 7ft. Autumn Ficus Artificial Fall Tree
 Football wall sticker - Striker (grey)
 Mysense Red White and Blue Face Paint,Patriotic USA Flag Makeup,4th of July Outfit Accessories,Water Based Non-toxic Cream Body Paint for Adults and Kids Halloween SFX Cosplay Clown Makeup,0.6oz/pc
---
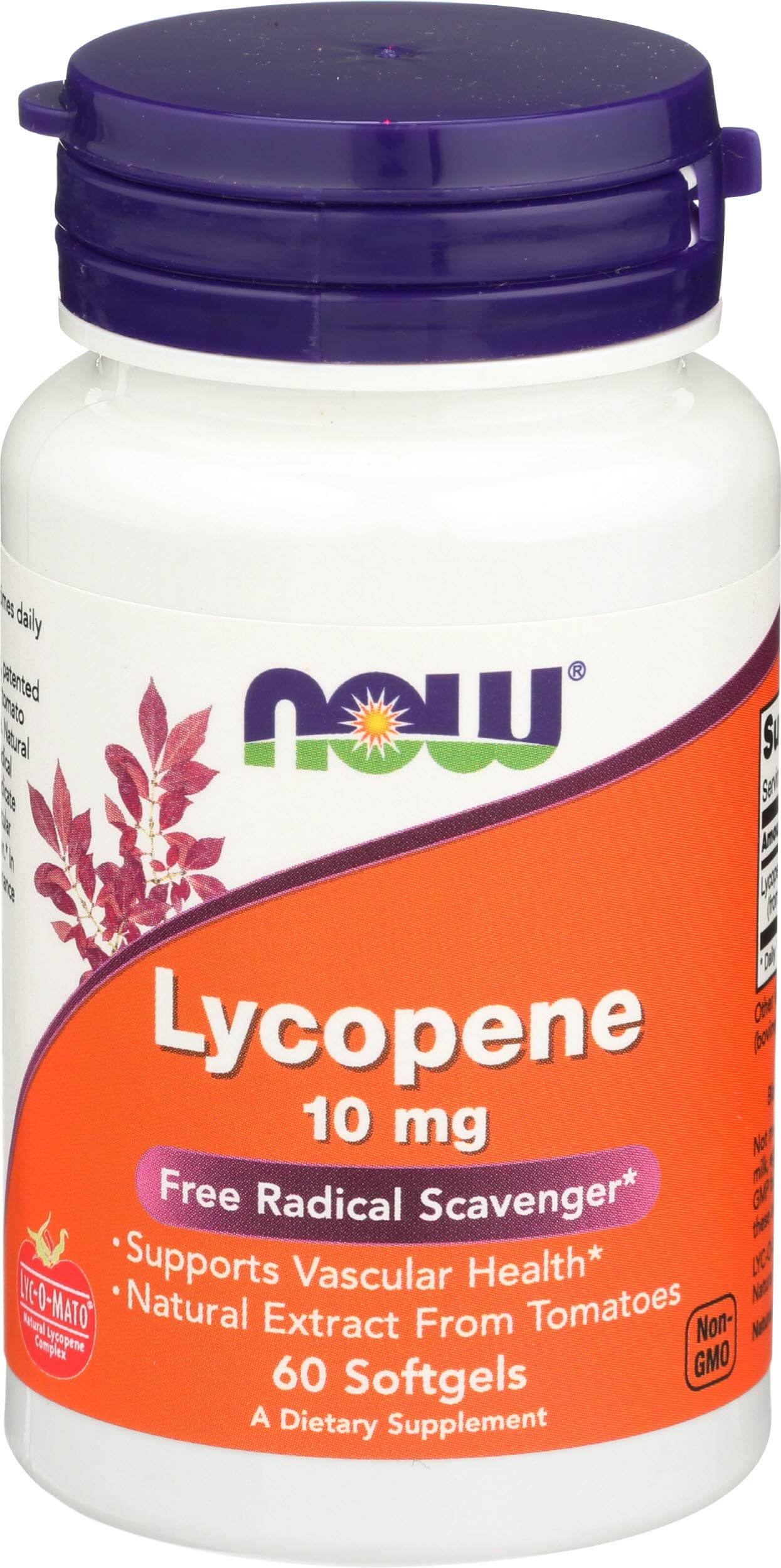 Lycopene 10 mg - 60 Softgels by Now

**Task objective:**
Could you restate word for word the lines above from the one containing "7ft. Autumn Ficus Artificial Fall Tree" through the one containing "Football wall sticker - Striker (grey)", both included, and nothing else?

**Task response:**
 7ft. Autumn Ficus Artificial Fall Tree
 Football wall sticker - Striker (grey)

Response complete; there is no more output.